Advocates say a new Saskatchewan human trafficking prevention bill is progress, and more needs to be done to address the complexities of the issue outside the legal sphere. The justice ministry announced Friday it’s starting work on legislation similar to a bill introduced in Alberta in April.
The Alberta bill is an extension of powers already present in the Criminal Code, providing victims with a broader range of legal options and expanding law enforcement’s powers in preventing and responding to human trafficking. Included is the ability for victims to sue their abusers in provincial court, and the creation of a kind of civil warrant that allows police to help remove a trafficking victim from a home.
Speaking to reporters on Friday, Justice Minister Don Morgan said the decision to start work on the legislation now came as a result of other jurisdictions like Alberta doing so. “We would not want to be the only jurisdiction that had chosen not to do this, then people would tend to gravitate to our province,” Morgan said.

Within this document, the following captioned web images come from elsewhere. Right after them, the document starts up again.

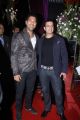 Yuvraj Singh at Sridevi 50th Birthday Bash Photos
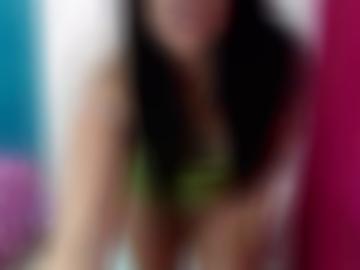 sexdate sagt - unter sexchat, versuche glück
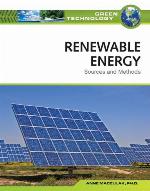Renewable Energy
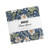 Moda Fabric Precuts Charm Pack - True Love by Lella Boutique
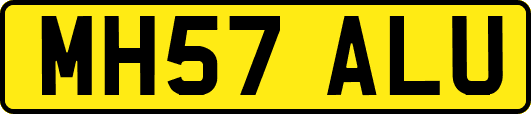 MH57ALU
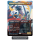 Magic: The Gathering &ndash; Geheimnisse von Strixhaven (SOS) Bundle &ndash; Deutsch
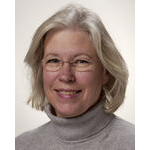 Janis M. Peyser, PhD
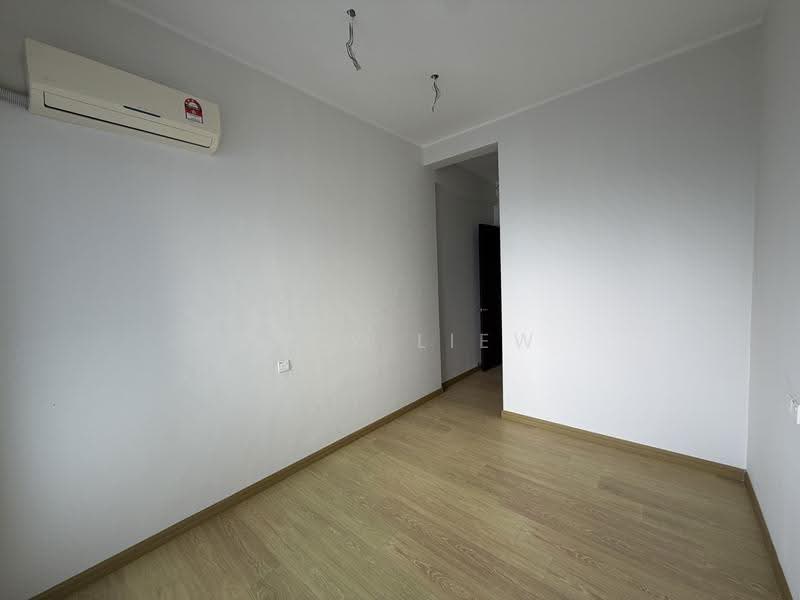 Kondominium untuk Dijual di Bay Point @ Country Garden Danga Bay - Jack Liew - PropertyGuru.com.my
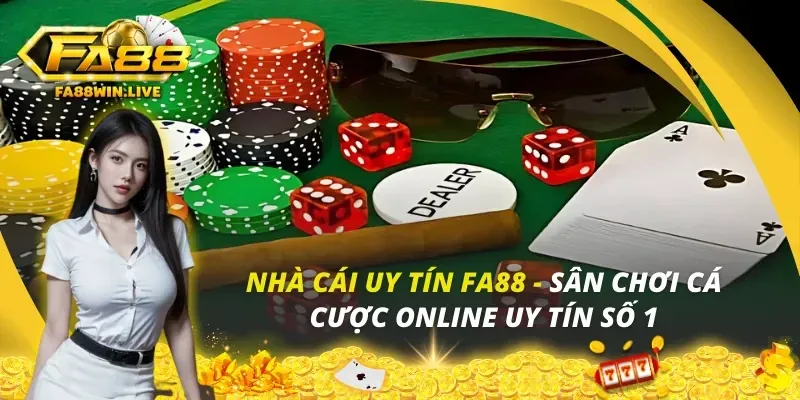 Hướng dẫn dành cho người mới tại 69vn casino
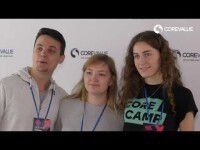 Портфолио. Видео 5044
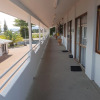 Отель Boulevard Motel & Restaurant, фото 14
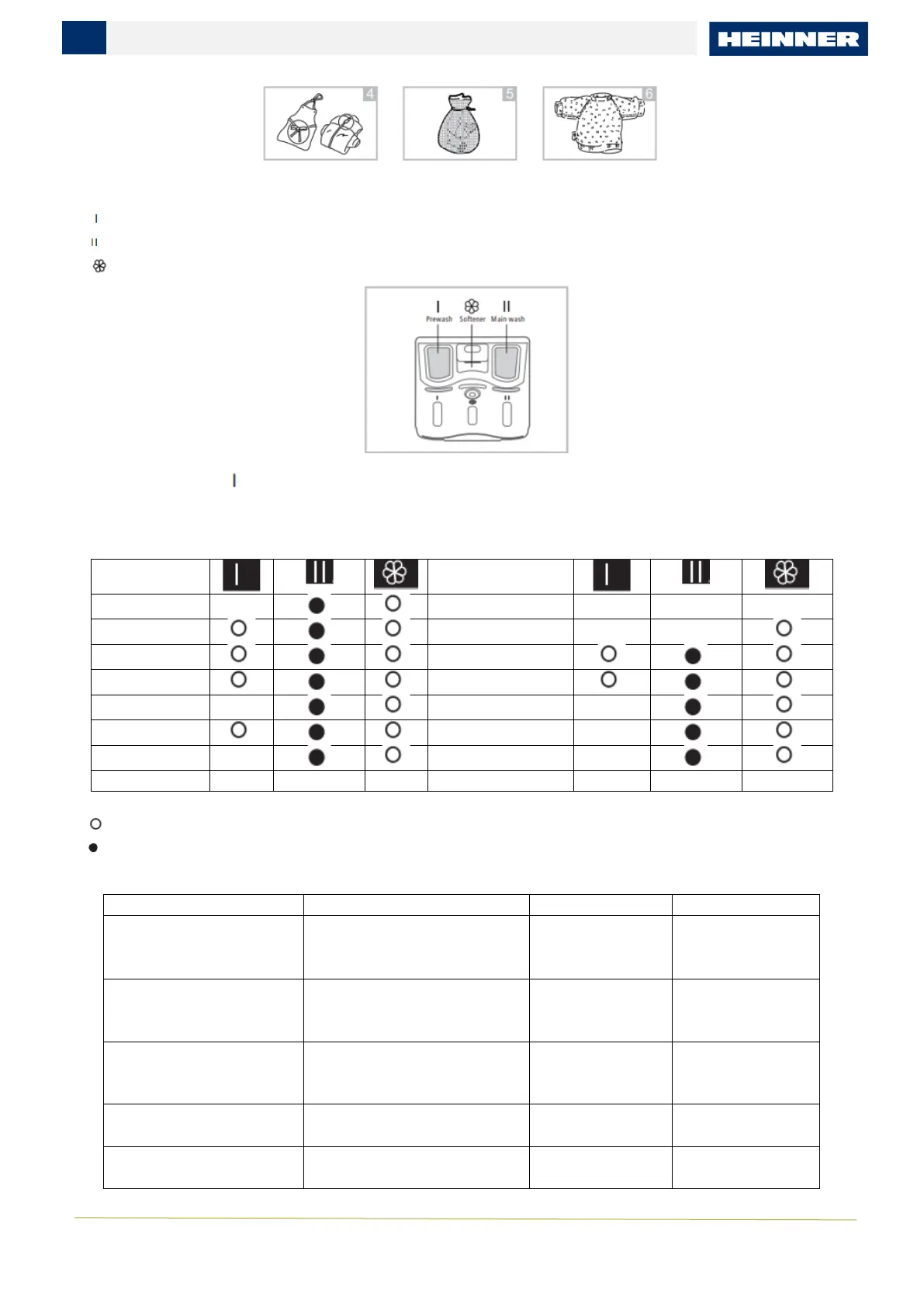 Page #32 background image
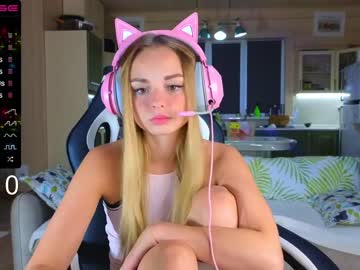 girl
        misss_viki cam image #1242850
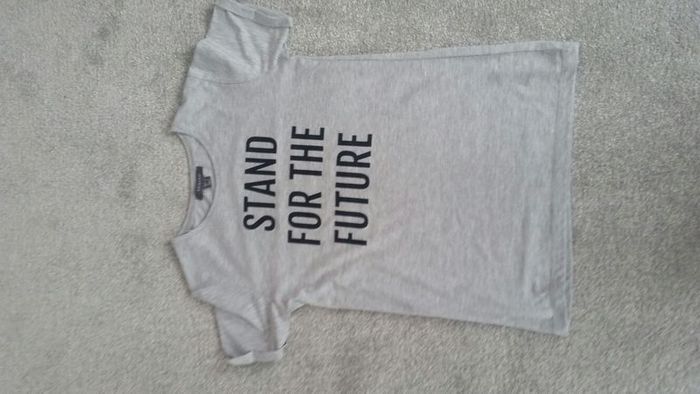 Tshirts
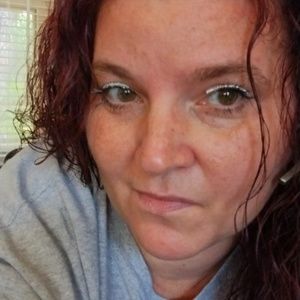 Meet your Posher, Tonya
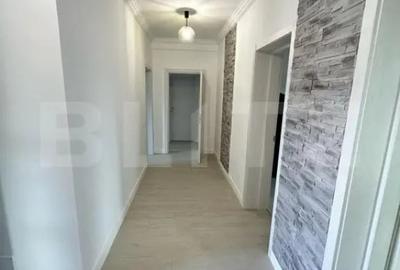 Casă cu 7 camere cu Teren 488 Mp în Seleuș - 14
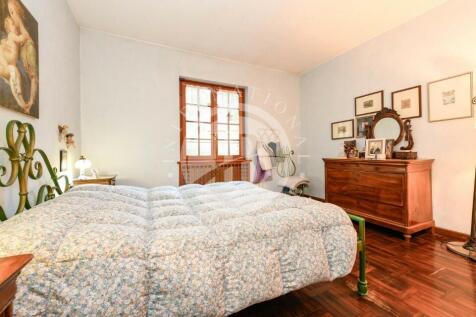 Property Image 103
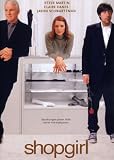 Produkt-Bild: Shopgirl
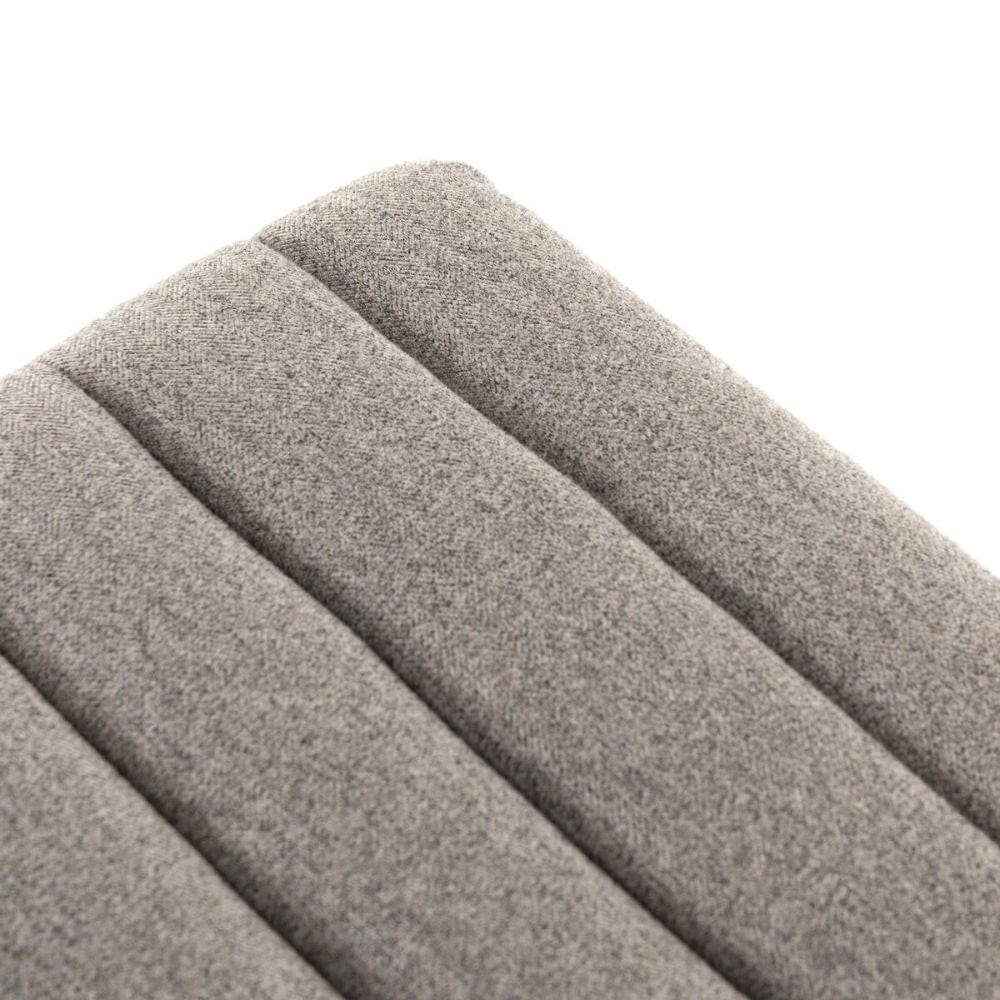 Augustine Ottoman Ottoman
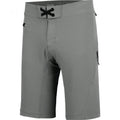 IXS Sports Division iXS Flow XTG Shorts M graphite - leichte Trail- und Gravel-Bikeshorts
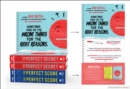 Image for The Perfect Score / The Perfect Secret 4-Copy L-Card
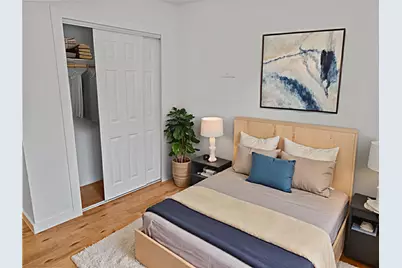 2609 Carlow Drive, Austin, TX 78745 - Photo 19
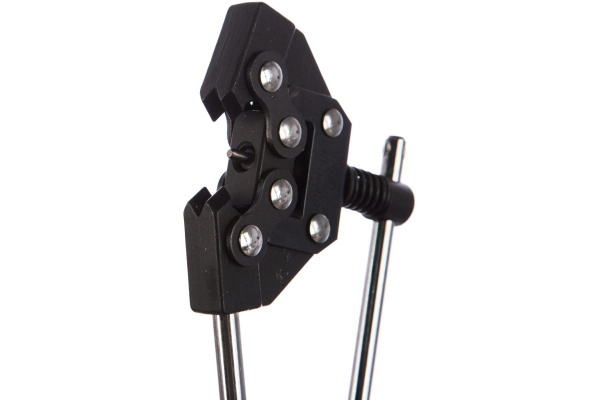 Приспособление для разборки моторной цепи KING TONY 3214-35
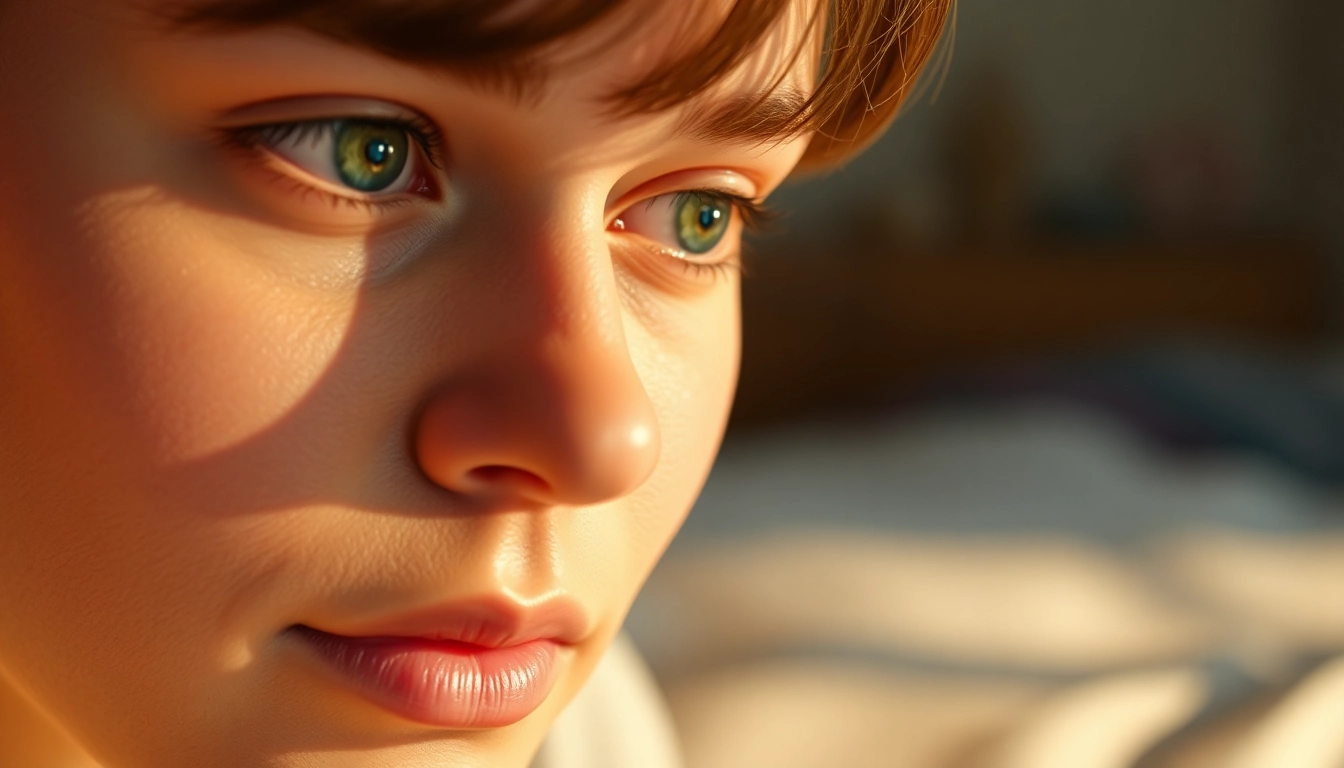 Top 5 NSFW AI Generators for Images & Videos in 2025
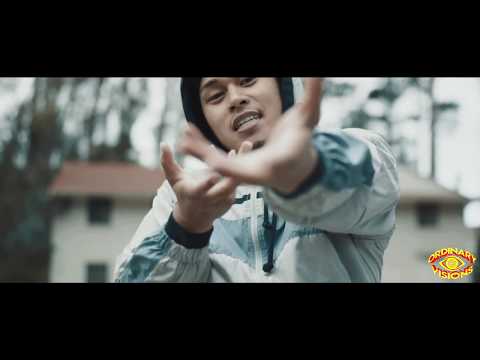 JoeMari - Active (Official Video)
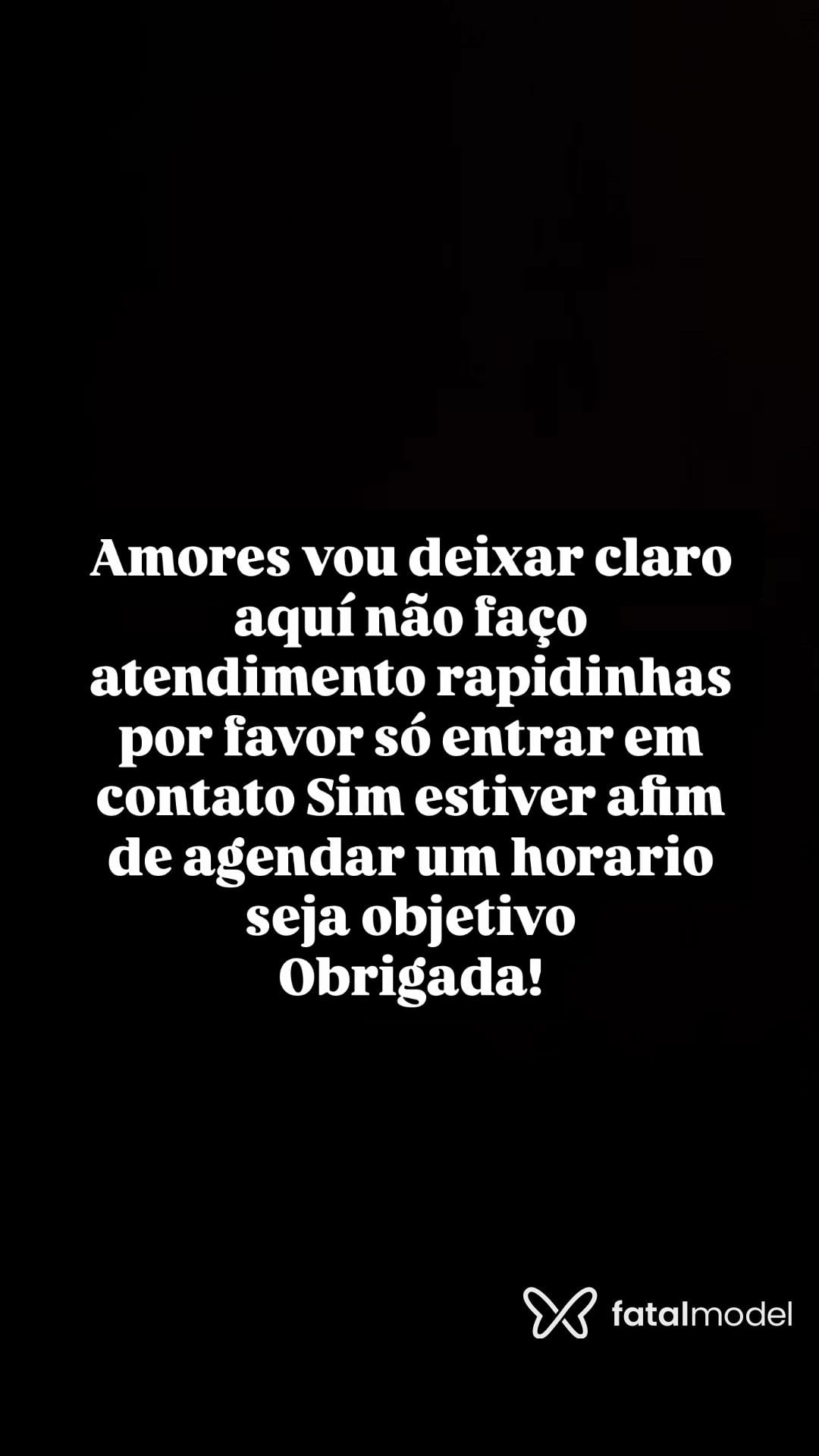 Vídeo 1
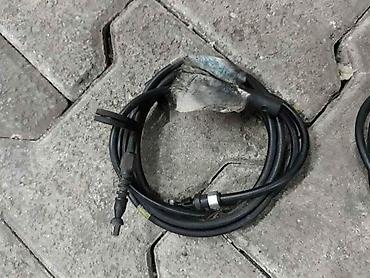 multimedijalni plejer za auto: SAJLA HAUBE ZA ALFA ROMEO 159 | za Alfu 159 — 1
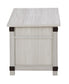 Bayflynn Rect Lift Top Cocktail Table Smyrna Furniture Outlet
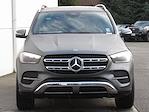 2025 Mercedes-Benz GLE 450e SUV AWD SUV for sale #B50089 - photo 4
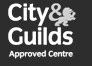 City & Guilds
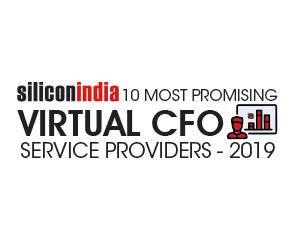 10 Most Promising Virtual CFO Service Providers - 2019 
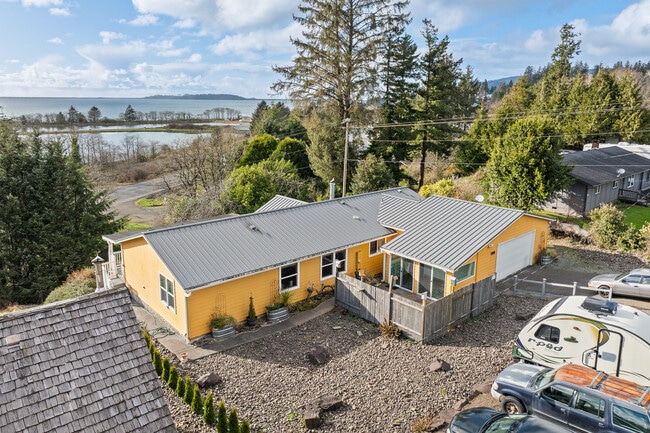 property at 7998 14th St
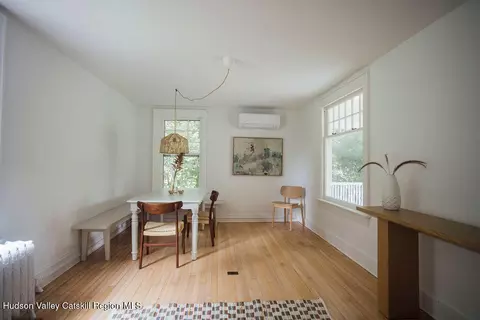 Dining - 40 Broad St, Kinderhook, NY 12106 photo 4 of 5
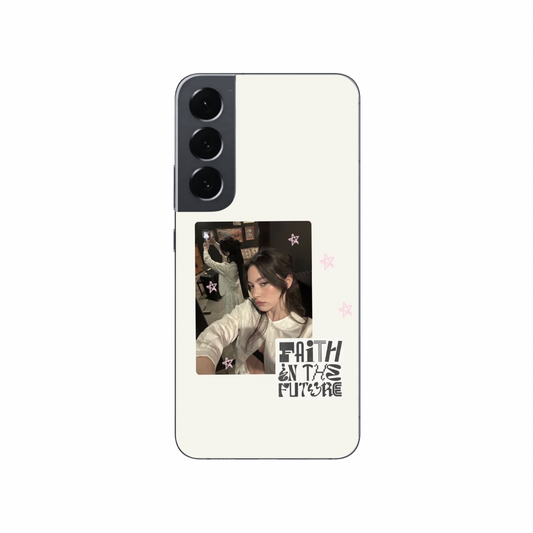 Photo Case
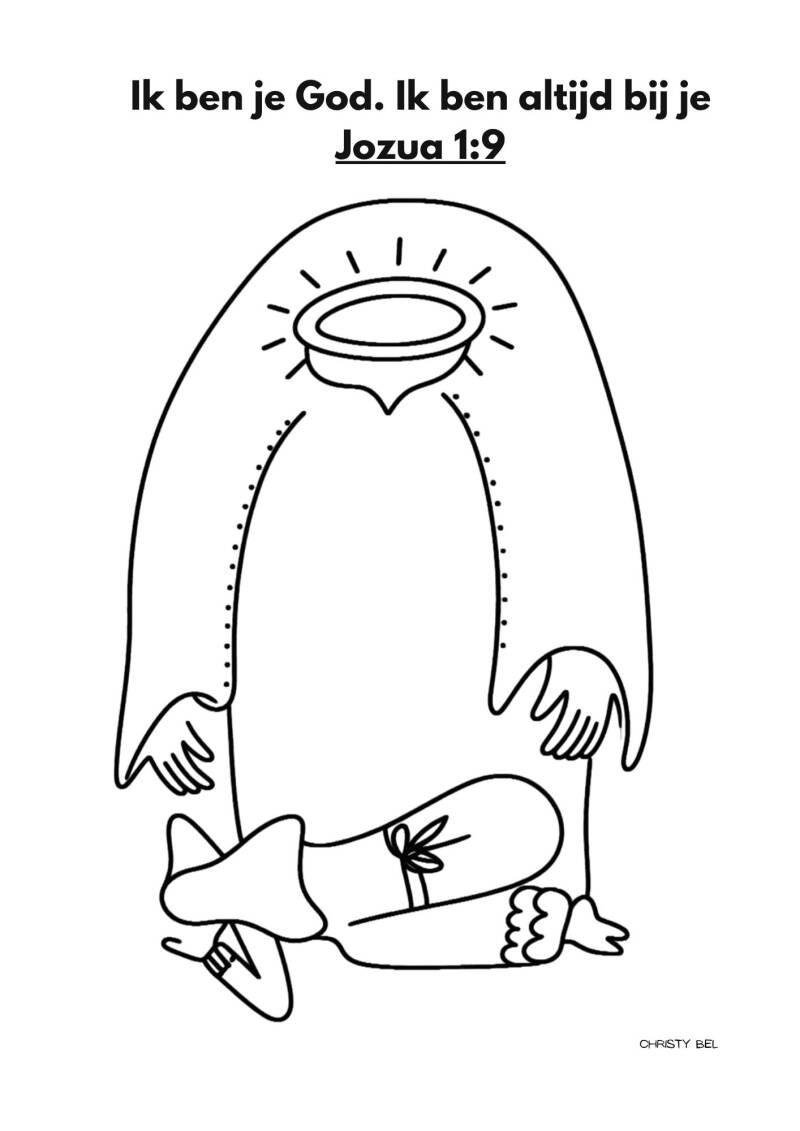 pasen kleurplaten gratis #Freeprintable #Bibleverse#childministry#free#coloring pages#God#love#jezus#Bible#Church#christiantiktok#churchtiktok#Tiktokforchrist#zondagschool#ministry#geloofcitaten#bijbelcitaten#Gods plan #kaart #bemoediging# Free #printabl#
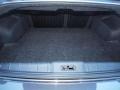 Taupe Gray Metallic - Malibu LS Sedan Photo No. 5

He acknowledged it’s been a year since the release of the final report of the inquiry into Missing and Murdered Indigenous Women and Girls, which called for an approach to protecting victims of trafficking that addresses the power imbalances and stigma at play. Human trafficking disproportionately affects young Indigenous women in Canada. According to RCMP data, 50 percent of identified victims in 2016 belonged to that group, despite making up four per cent of Canada’s population.
Nearly 75 per cent were under the age of 25 — and a quarter of them were under 18. The report found that the majority of victims were sexually exploited at an early age, and failures of the child welfare system made them especially vulnerable to trafficking. EGADZ executive director Don Meikle said addressing the issue of human trafficking starts with breaking that cycle, providing social supports to young people before they are caught up in systems of exploitation.
He has some doubts about whether victims would want to engage with the legal system, noting that preventative measures and mental health and trauma supports are much-needed investments. “I don’t know if people understand the complexities of sexual exploitation and human trafficking. I don’t honestly believe all the laws in the world are going to fix this,” Meikle said. “I think protection of victims is a step in the right direction, but it has to come right from the ground level.”
When asked if the province is also considering additional preventative supports on top of the legislation, Morgan said he is in talks with federal Minister of Indigenous and Northern Affairs Carolyn Bennett about possible next steps and further measures. Saskatoon police Staff Sgt. Grant Obst told the Canadian Press last year that it’s rare for police to lay human trafficking charges because victims are often afraid to come forward. Meikle said young victims often don’t even realize they’ve been exploited, and once they do, the focus is more on healing than pursuing legal action.
“A lot of these young people when they’re being exploited they don’t even know it, they don’t even know that they’re being victimized,” Meikle said. “And it takes a long time after the charges are done and it goes to court. They quite often blame themselves.” Morgan said as far as the ministry is aware, the average number of human trafficking cases in Saskatchewan is less than one per year.
A smartphone app EGADZ staff use to anonymously engage with youth at risk of sexual exploitation receives about 1,700 hits a month, Meikle said.
Morgan said the government will work with Indigenous and community-based stakeholders as well as those in law and policing to develop the bill. Meikle said EGADZ is receptive to being part of those conversations.